EXERCISE DETAILS:
Give again only what runs from the line with "セプト 天神大名(SEPT.) オリーブベージュ ぱつっとミディアム 赤み消しカラー" to the final line of the entries below, exactly as written and without pictures.

___ DATA SECTION ___

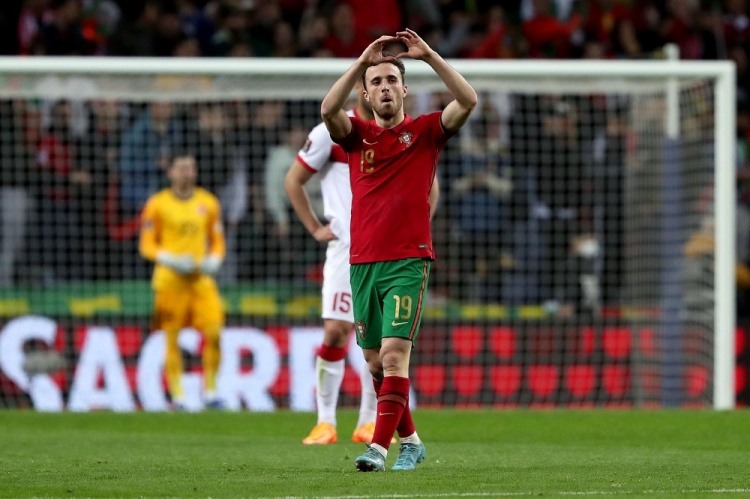 若塔：替補席甚至看臺上的球員都能提供幫助，這是葡萄牙的特點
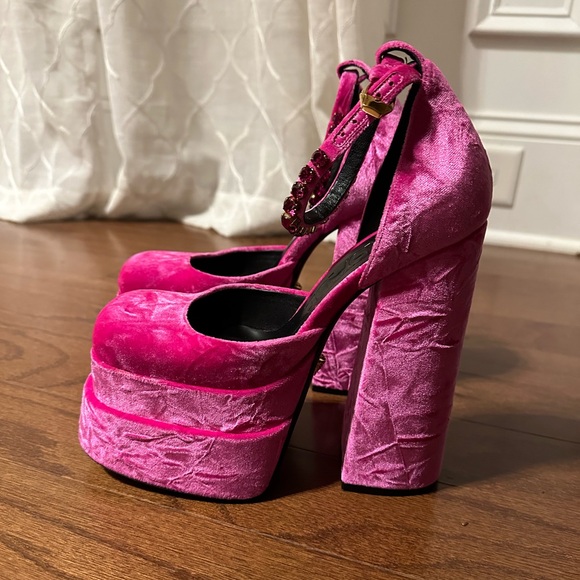 NEW Versace Aevita Heels Crushed Velvet Hot Pink - Picture 4 of 7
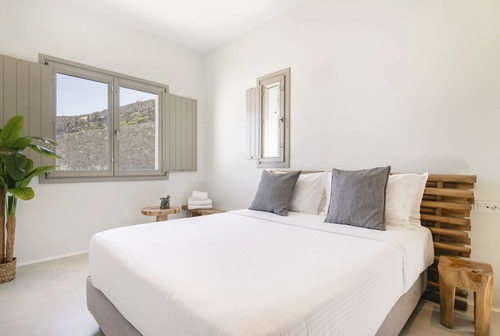 Ornos Villas Myconos - Nevermind Property Management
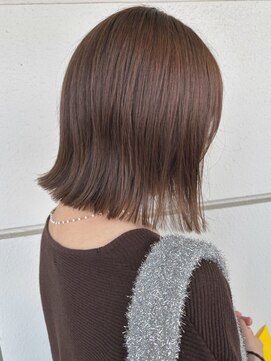 セプト 天神大名(SEPT.) オリーブベージュ ぱつっとミディアム 赤み消しカラー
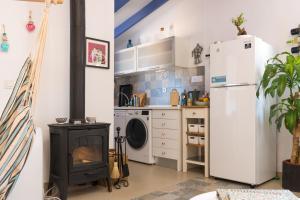 Kuchnia lub aneks kuchenny w obiekcie La Vila Feliz, gemütliche private Duplex-Ferienwohnung im typischen Fischerhaus mit fantastischem Meerblick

___

RESPONSE AREA:
 セプト 天神大名(SEPT.) オリーブベージュ ぱつっとミディアム 赤み消しカラー
 Kuchnia lub aneks kuchenny w obiekcie La Vila Feliz, gemütliche private Duplex-Ferienwohnung im typischen Fischerhaus mit fantastischem Meerblick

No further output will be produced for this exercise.